Makers of glass, one of the Czech Republic’s best known exports, have been facing serious problems in recent months. One week ago, the biggest Czech glassmaker, Bohemia Crystalex Trading, was forced to close down another factory due to severe financial difficulties. Now, the Finance Ministry has for the first time suggested it would be willing to help the glassmakers financially.

Photo: CTK
In September, Bohemia Crystalex Trading, which produces 90 percent of Czech glass, closed two of its four plants and let nearly 2,000 employees go, in order to stay afloat. The company’s management later struck a deal with its creditors and applied for a moratorium under the insolvency act, securing operations in the company’s two remaining plants.

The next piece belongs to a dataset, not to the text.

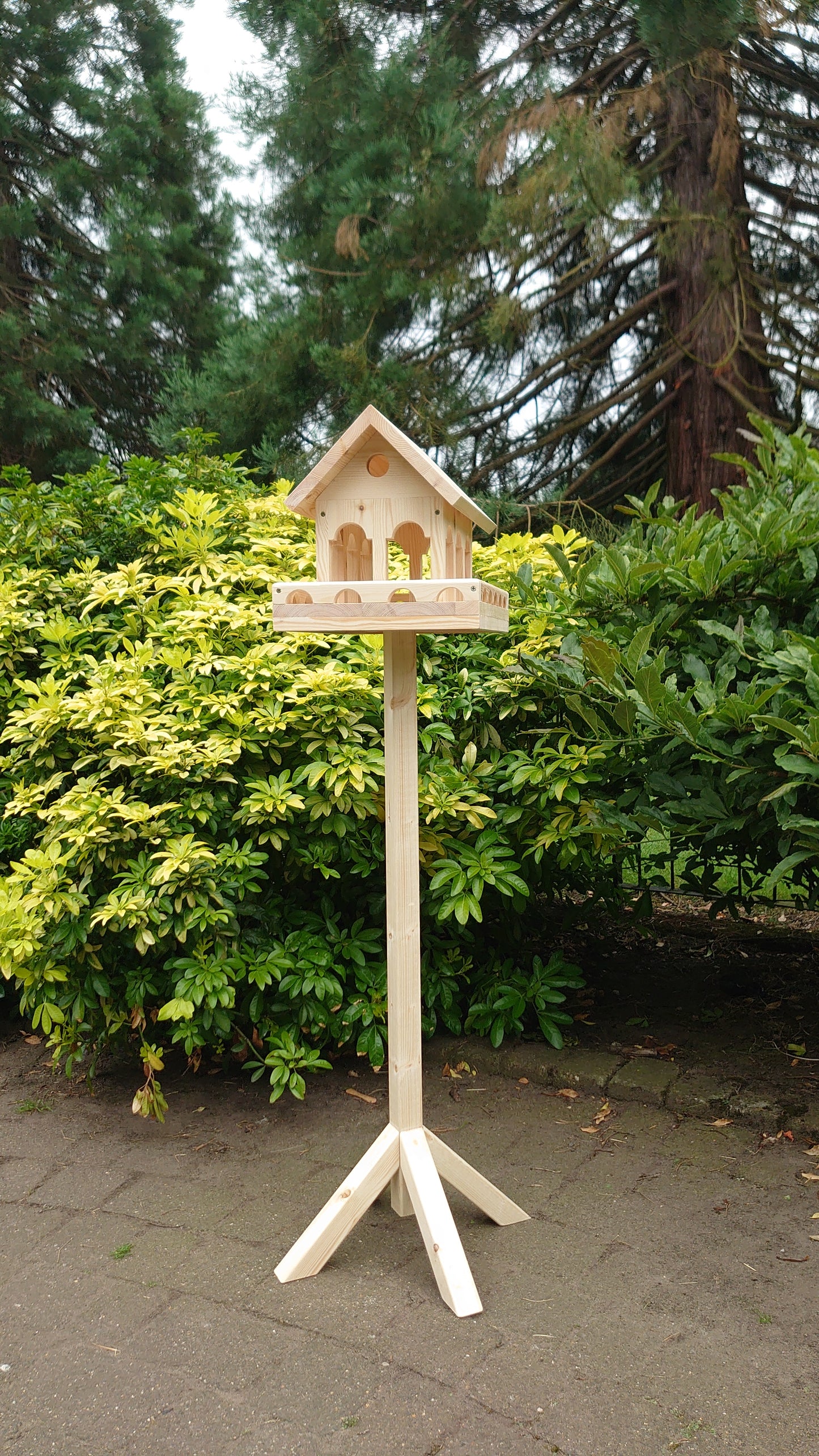 Bird Feeder Athens, Garden Wild Birds Table, Outdoor Bird Feeder Free-Standing Wooden Feeder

Although the Finance Minister Miroslav Kalousek said then that a bailout was not an option, he changed his mind recently, when one of those two factories was also forced to close down. On Tuesday the minister suggested that a bailout for Bohemia Crystalex Trading was not entirely impossible. However, the head of the glass workers’ labour union František Kuric says the state should have intervened much earlier:

“I don’t believe Minister Kalousek when he says he wants to help us and I will tell you why: the state could have negotiated with the creditors to keep the money in our accounts so that we could keep the production going until a tender was announced. We had enough money until the end of December to pay our employees and continue to produce the orders we had. So I personally think the state could have intervened earlier, and I think Mr Kalousek’s statement is just an excuse.”

Photo: CTK
The finance minister said that a financial injection from the state would have to be based on guarantees that the companies’ losses would not deepen and that renewed production would gradually start making a profit. But according to František Kuric, that is unrealistic when the company is already going through bankruptcy proceedings. He also points out that it is much more expensive to start production from scratch than to keep it going:

“Just starting production would cost tens of millions of crowns. So the inactivity of the state will be very costly for any potential investor who would like to renew production. And it will also be hard to renew the trust of our customers. We had orders that are not being fulfilled and we know that some of our customers have already turned to our rivals, even though they don’t produce such high-quality glass.”